‘We need more genuine science’: Tony Abbott joins climate sceptic think tank
Former prime minister Tony Abbott has joined a 'lonely' voice in climate denial. Photo: AAP/Getty
Former prime minister Tony Abbott has been welcomed into a leading climate sceptic think tank while calling for more “genuine science” and less “groupthink”.
The Global Warming Policy Foundation announced Mr Abbott would join its board of trustees and assist its objectives to “foster a culture of debate, respect and scrutiny”.
The UK-based foundation, which has been labelled a “climate denying group” by Australia’s Climate Council organisation, was founded in 2009 by former UK chancellor Nigel Lawson.

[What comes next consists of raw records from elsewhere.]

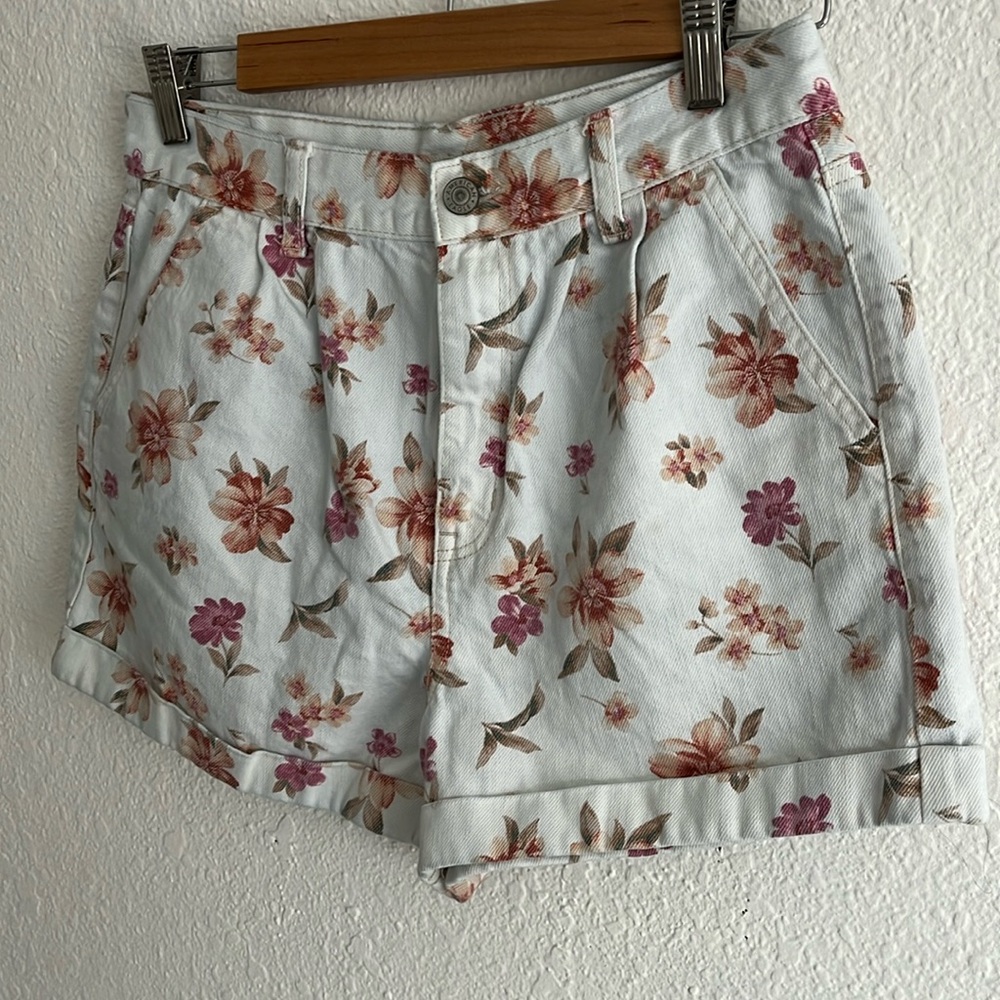 American Eagle floral denim shorts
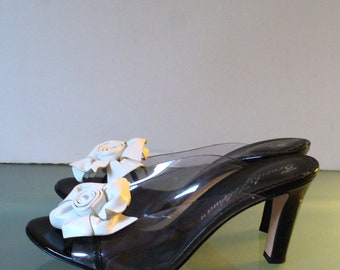 Gemaakt in Italië, transparant vinyl, Beverly Feldman schoenen, maat 10B.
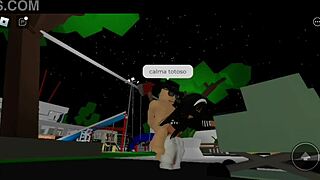 Sexo Em Público Na Praça Da Cidade Com Plateia No Brookhaven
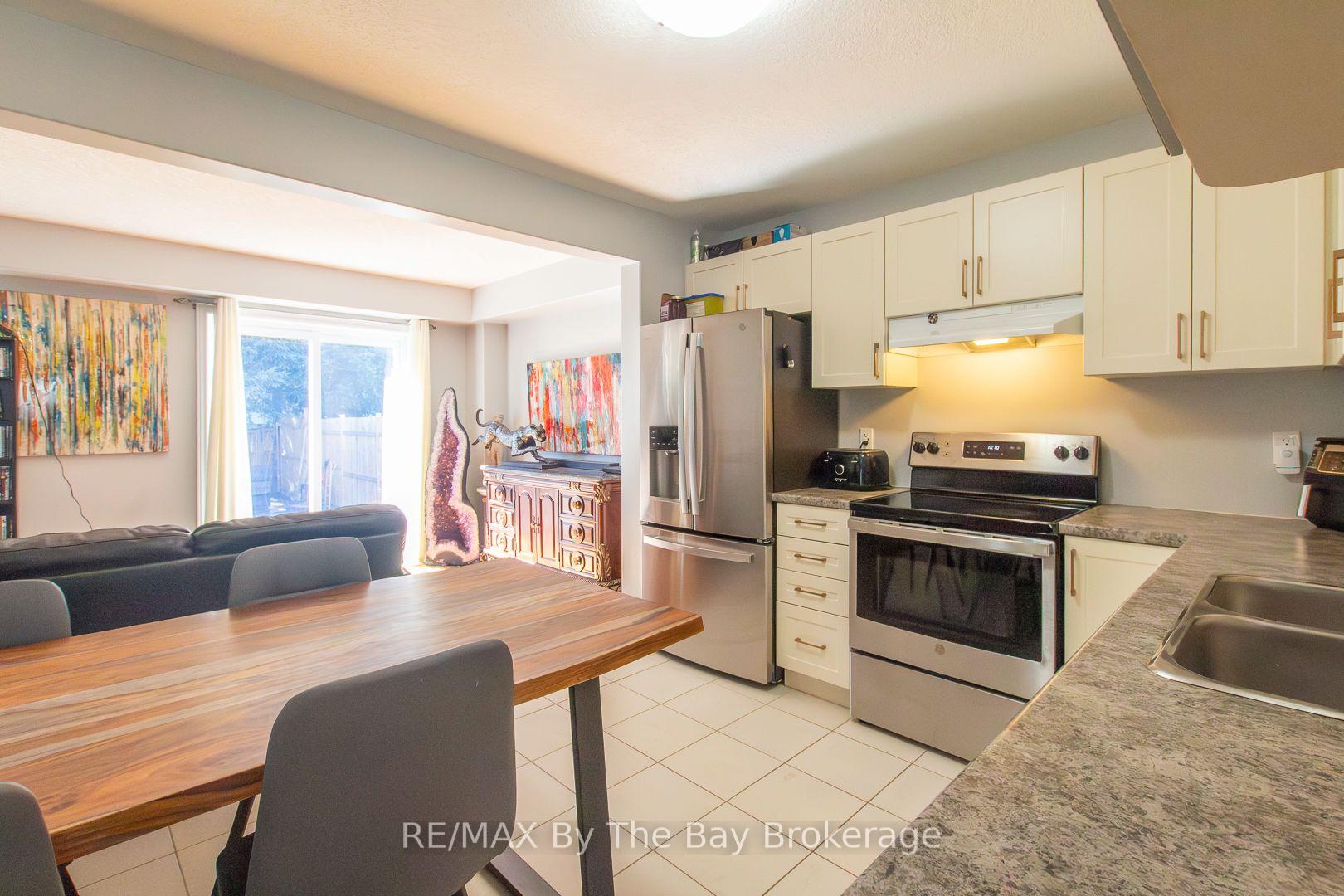 Photo 11 of 131 Stonebrook Way, Grey Highlands — HOMEH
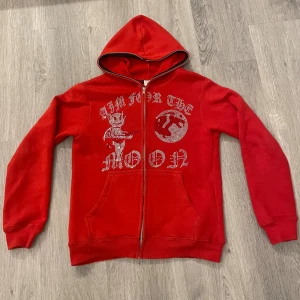 Aim for the moon (M) - Aim for the moon zip up hoodie, storlek medium, använt skick 8/10, några rhinestones har lossnat men det märks knappt, kan bytas mot en lila tjocktröja.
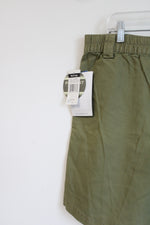 NEW White Sierra Green Cargo Chugger Shorts | L
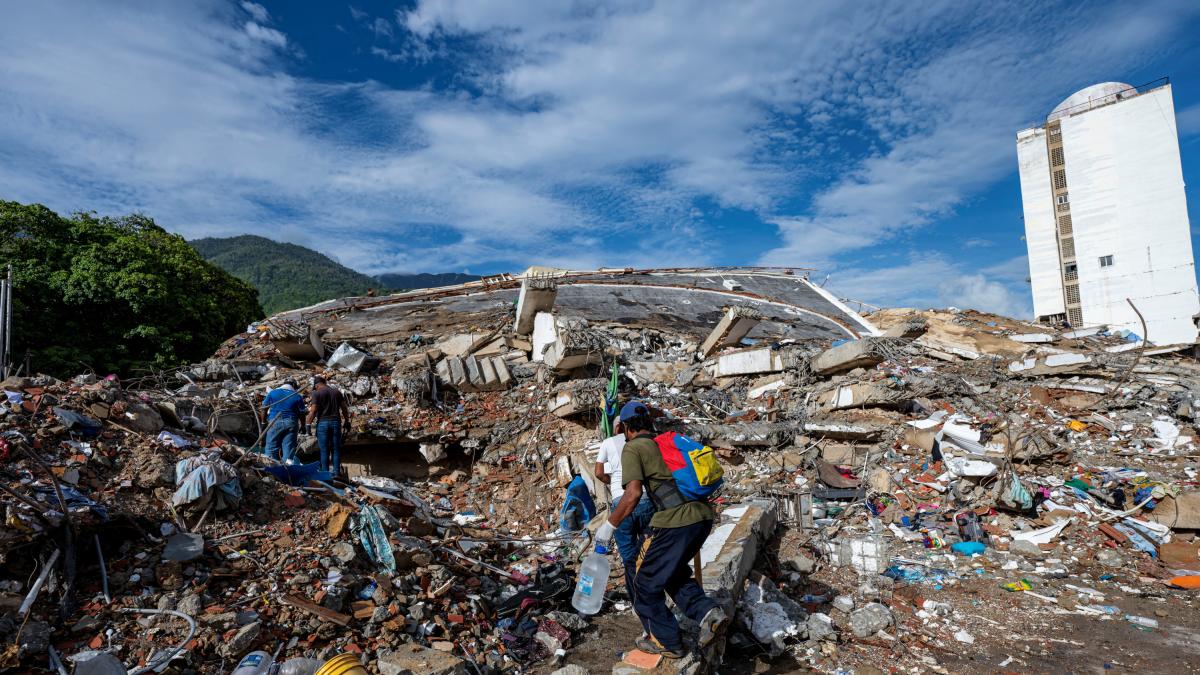 Se reducen esperanzas de hallar sobrevivientes tras seis días de los terremotos en Venezuela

In a statement, Mr Abbott said he was pleased to be joining GWPF because it “consistently injected a note of realism into the climate debate”.
“All of us want to save the only planet we have but this should not be by means which impoverish poorer people in richer countries and hold poorer countries back,” he said.
“Right now, in countries like Australia, the impact of climate policy is to make electricity less affordable and less reliable rather than perceptibly to cool the planet.
“We need more genuine science and less groupthink in this debate — that’s where the GWPF has been a commendably consistent if lonely voice.”
Mr Abbott controversially gave GWPF’s annual lecture in 2017 when he suggested climate change was “probably doing good”.
GWPF’s director Benny Peiser has previously stated “it’s extraordinary that anyone should think there is a climate crisis”.
He has also stated that climate “alarmism” was driven by “scientists’ computer modelling rather than observational evidence.”
GWPF chair Jerome Booth said Mr Abbott would bring a global perspective and policy insight to the board of trustees.
“He will further assist our objectives and help our efforts to foster a culture of debate, respect and scrutiny in policy areas that are currently dominated by intolerance, high emotions, moral reasoning and confusion,” Dr Booth said.
Fellow Australians who advise the GWPF include retired meteorologist William Kininmonth and Garth Paltridge, emeritus professor at the Institute for Marine and Antarctic Studies at the University of Tasmania.
Mr Abbott led the coalition to a landslide election victory over Labor in 2013, before being ousted by Malcolm Turnbull in a leadership spill in 2015.
Independent Zali Steggall took the federal seat of Warringah — spanning Sydney’s northern beaches — from Mr Abbott in 2019, campaigning widely on action against climate action.